Ensemble filename and stoch restart fixes#409

Merged
alperaltuntas merged 3 commits intoNCAR:dev/ncarfrom
alperaltuntas:restart_file_fixes
Mar 12, 2026
Merged

Ensemble filename and stoch restart fixes#409
alperaltuntas merged 3 commits intoNCAR:dev/ncarfrom
alperaltuntas:restart_file_fixes

Conversation

@alperaltuntas
Copy link
Copy Markdown
Member

@alperaltuntas alperaltuntas commented Feb 27, 2026

This PR brings in the following changes:

  • Fix stoch restart file handling:
    • append ensemble instance suffix in multi-instance runs
    • add r_stoch file(s) to CESM rpointer files.
  • Introduce append_ensemble_appendix: To eliminate code duplication, this commit introduces append_ensemble_appendix, a routine to append the ensemble appendix to i/o filenames. If provided,
    the appendix is appended after the last occurence of ENSEMBLE_APPENDIX_PREFIX,
    a new runtime parameter (initially called RESTARTFILE_APPENDIX_PREFIX).

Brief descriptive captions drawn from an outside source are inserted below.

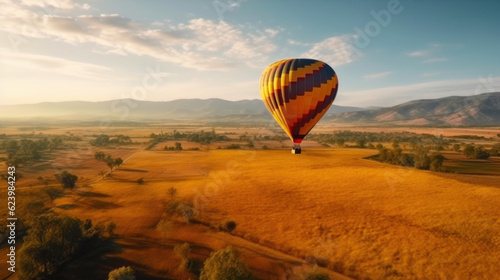 Hot Air Balloon Drifting Through a Picturesque Setting. Generative AI © Andrii 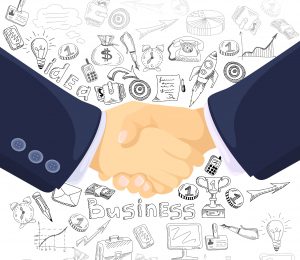 Business partnership concept icons composition poster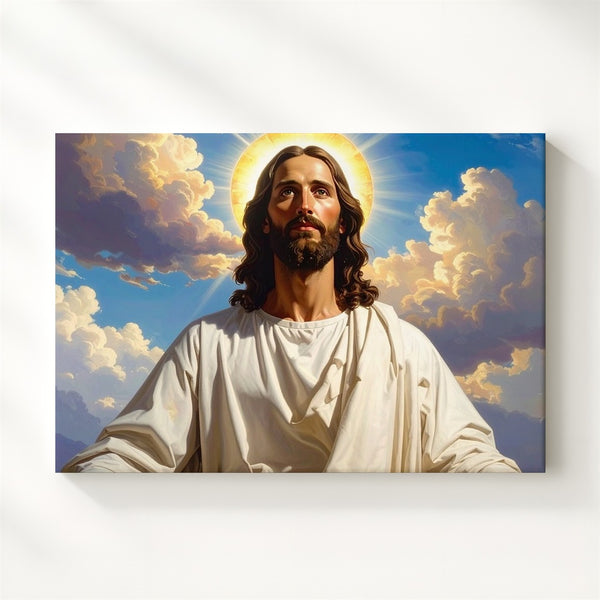 Radiant Christ Canvas – Jesus with Open Arms and Glowing Halo - Gifitto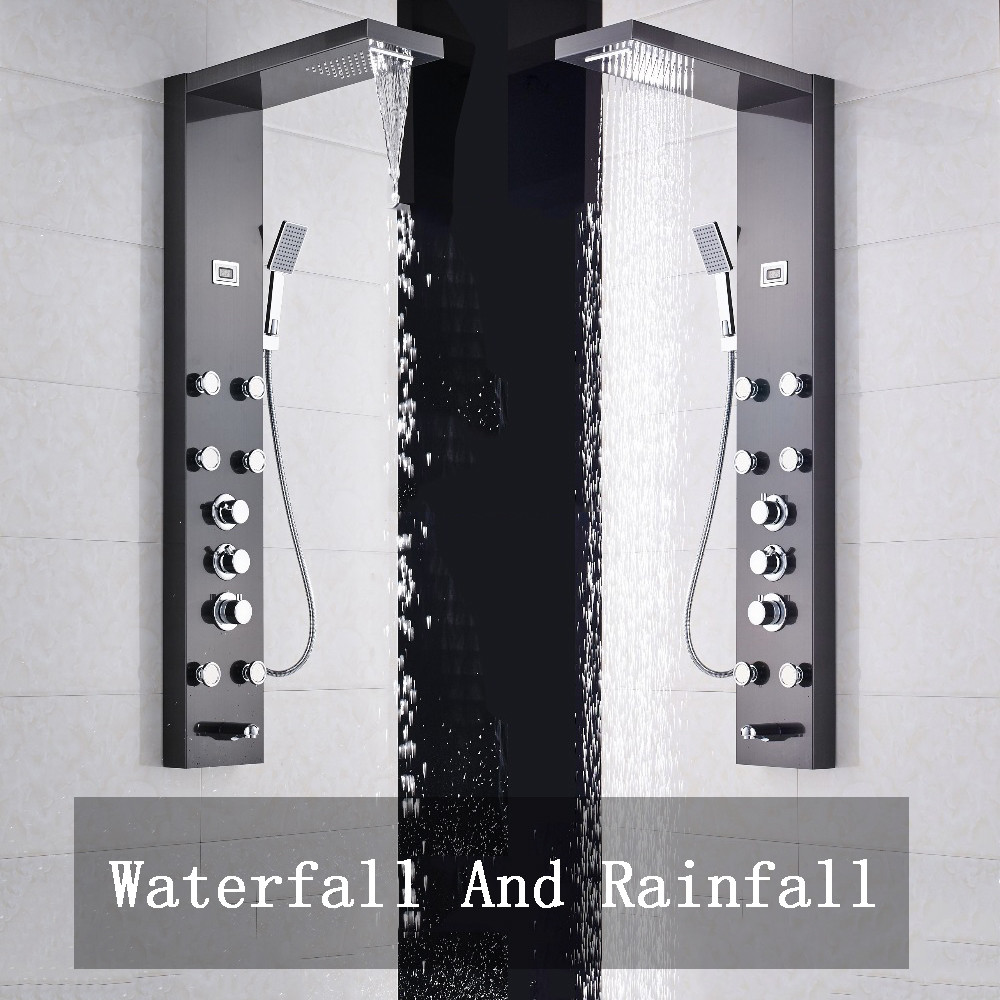 Black Shower Panel Rain&Waterfall Digital Display Handheld Spray Wall Mount Taps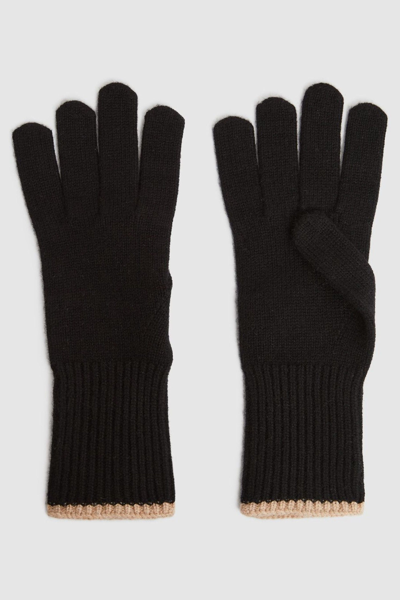 Shop Reiss Hazel - Black/camel Wool Blend Contrast Trim Gloves,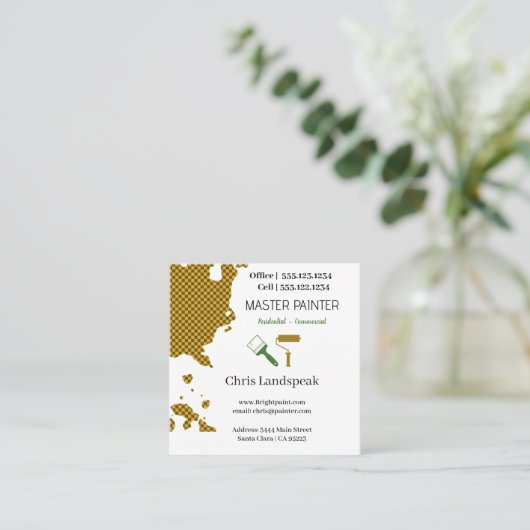 Masterpainter & Green Checkerboardパターン スクエア名刺 (スタンド正面)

This PR is part of a series of PRs to fix various interrelated restart/multi-instance/hybrid run issues alongside: ESCOMP/FMS#8
ESCOMP/MOM_interface#311
ESMCI/cime#4944

To eliminate code duplication, this commit introduces append_ensemble_appendix,
a routine to append the ensemble appendix to i/o filenames. If provided,
the appendix is appended after the last occurence of ENSEMBLE_APPENDIX_PREFIX,
a new runtime parameter (initially called RESTARTFILE_APPENDIX_PREFIX).
- append ensemble instance suffix in multi-instance runs
- add it to CESM rpointer files.
@iangrooms
Copy link
Copy Markdown
Collaborator

Thanks @alperaltuntas for working on this. @kateboden ran a quick test using this PR code; results can be found at /glade/derecho/scratch/kboden/g.e30_a07g.G_JRA.TL319_t232_zstar_N75.2025.SKEB_DA.restart_test/.
Ensemble member 0040 (for example) writes two restarts with names

g.e30_a07g.G_JRA.TL319_t232_zstar_N75.2025.SKEB_DA.restart_test.mom6.r.0054-01-06-00000_0040.nc
g.e30_a07g.G_JRA.TL319_t232_zstar_N75.2025.SKEB_DA.restart_test.mom6_0040.r_stoch.0054-01-06-00000.nc

This is an improvement because previously the stochastic-physics restart file didn't have an instance number at all, but the location of the instance number in the stochastic-physics restart filename is inconsistent with the mom6 restart filename.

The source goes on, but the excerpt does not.